First, a quick note, to partially explain the fewer posts than usual lately: there's much going on, I've been busier than I usually am (and I'm usually pretty busy), and on top of all that, we're thinking about moving up to Portland (ME), so my brain has gotten well filled with the completely draining madness of apartment-hunting (which is hard enough as it is, and harder when you have accumulated as many books as I have). So bear with me - I'm sure things will settle down eventually ...
- The NYPL launched a neat new crowd-sourcing project this week, What's on the Menu? Folks can choose a menu and easily transcribe the dishes listed there (so far, more than 50,000 dishes have been transcribed). I did a few menus myself - it's rather addictive, quite fun, and entirely useful. Good stuff.
- Writing in the Chronicle, Robert Darnton offers "5 Myths about the 'Information Age'"
- Ben Ehrenreich's LA Review of Books piece "The Death of the Book" is well worth a read.
- Sarah Werner posts a fantastic binding mystery for us: a copy of John Smith's 1624 Generall historie with what appears to be George Villiers' family arms stamped atop those of James I.
- Swann posts top lots from their 22 April autograph sale.
- Happening this week at Brandeis: Steven Whitfield and Michael Gilmore will discuss the manuscript of Heller's Catch-22, donated to Brandeis by Heller himself. Details here.
- Rick Ring notes the arrival at Trinity's Watkinson Library of a special display case for their copy of Audubon's Birds of America. Having been at Union when the custom-made cases for that copy arrived, I can certainly vouch for the size of the things!
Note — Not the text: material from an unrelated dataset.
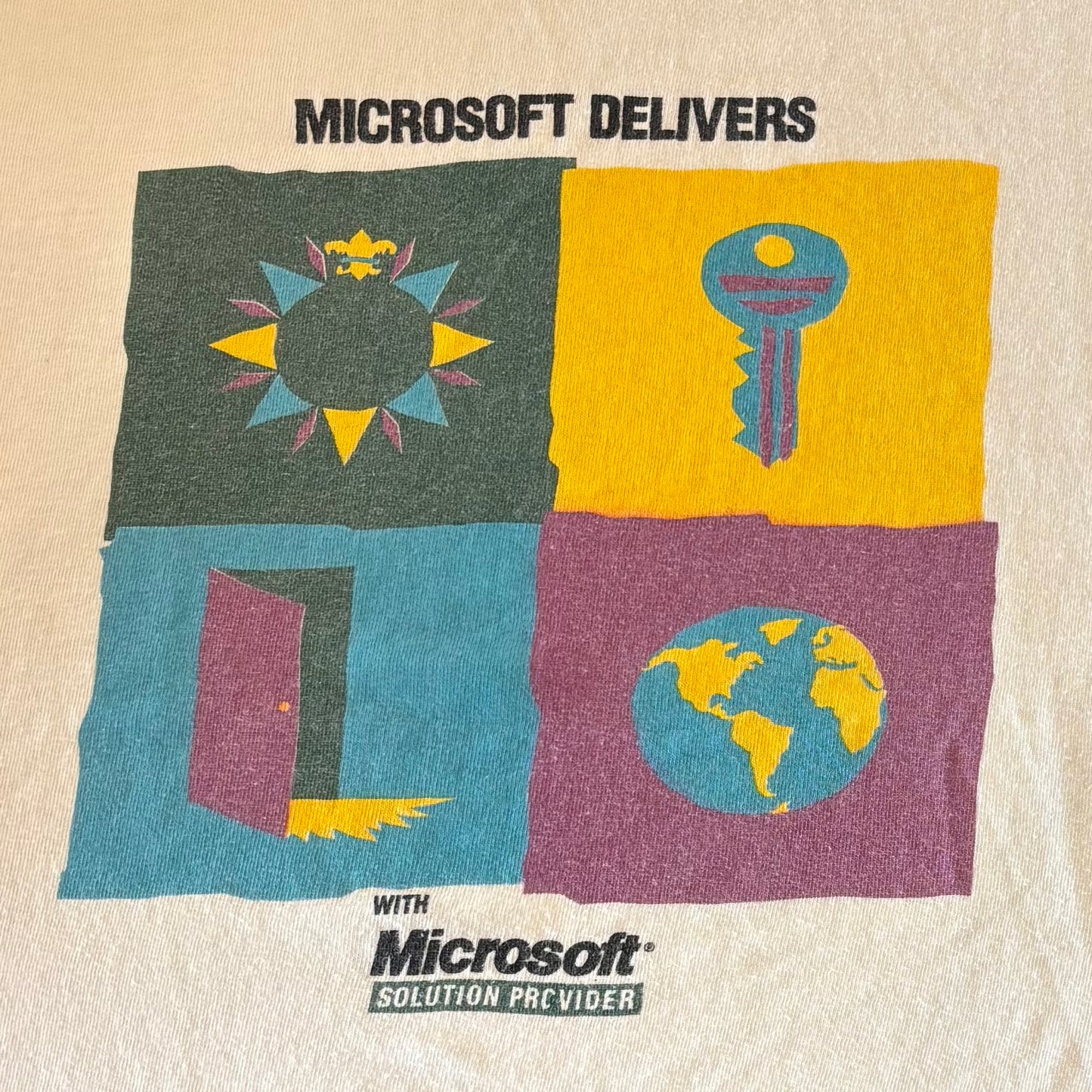 90's MICROSOFT DERIVERS Solar-T 企業T 白(XL)/A3827T-SO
- The British Library has purchased the email archive of author Wendy Cope, paying £32,000 for some 40,000 emails.
- Jill Lepore writes in today's NYTimes about Ben Franklin's sister Jane Mecom, calling her story "a reminder that, especially for women, escaping poverty has always depended on the opportunity for an education and the ability to control the size of their families."
- Paul Collins pens another letter to the editors of the OED, and tweets about a 1956 plan for heating homes through the wallpaper.
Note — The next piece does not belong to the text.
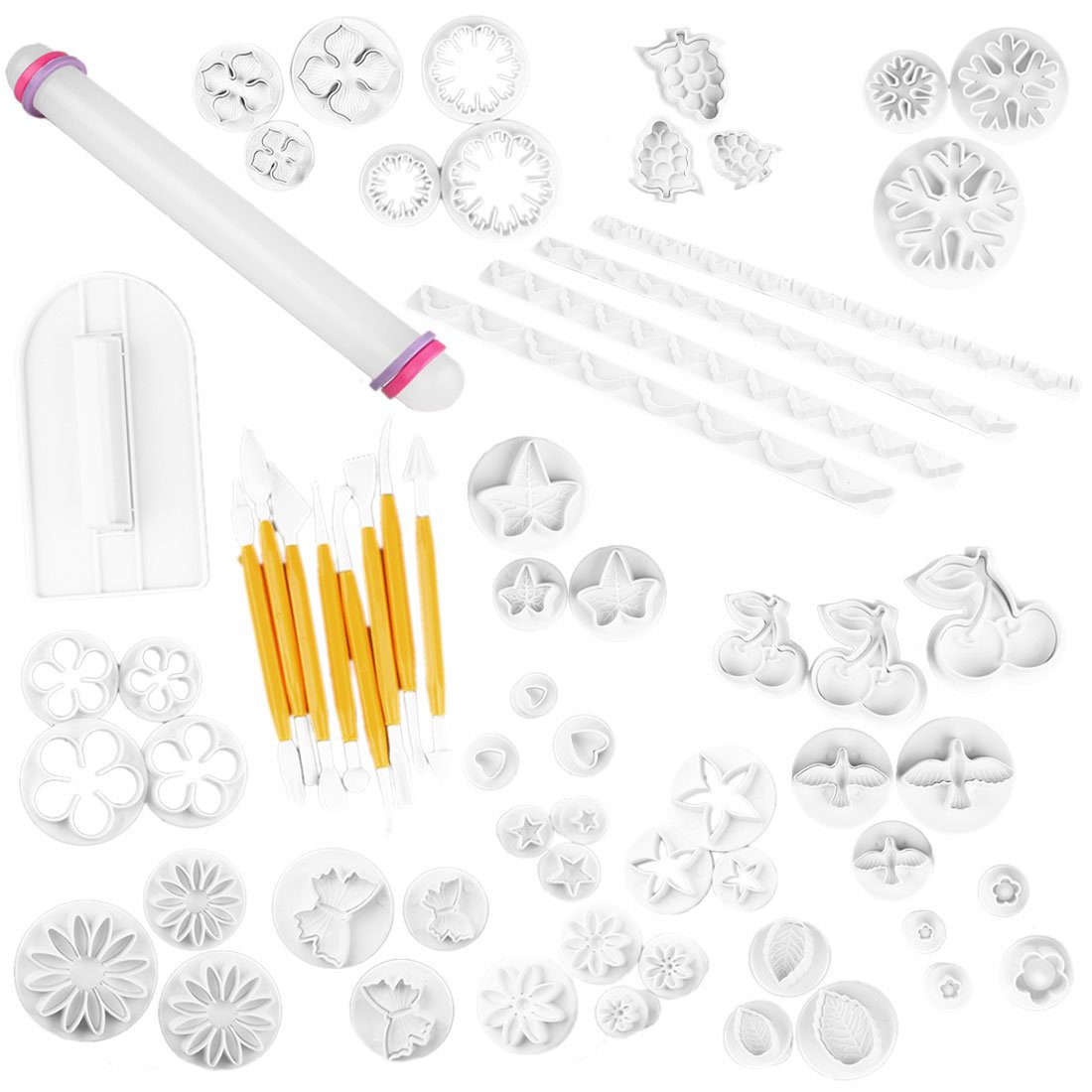 Ruilogod 21 Conjuntos (68pcs) Detalle Detalle Herramienta Herramienta Fondant Cortador de pastel Glaseado Molde Molde Molde Sugarcraft Icing Decorating Flower Modeling Herramientas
- Arthur Phillips's The Tragedy of Arthur; review by Michael Dirda in the WaPo. By far the best book review I've read in a long time.
- Eleanor Brown's The Weird Sisters; review by Tom DeHaven in the NYTimes.
- Wendy McClure's The Wilder Life; review by Jonathan Yardley in the WaPo.
- Simon Schama's Scribble, Scribble, Scribble; review by Phillip Lopate in the NYTimes.
- Sarah Vowell's Unfamiliar Fishes; review by Nicole Cammorata in the Boston Globe.
- Adams Goodheart's The Civil War Awakening; review by Debby Applegate in the NYTimes.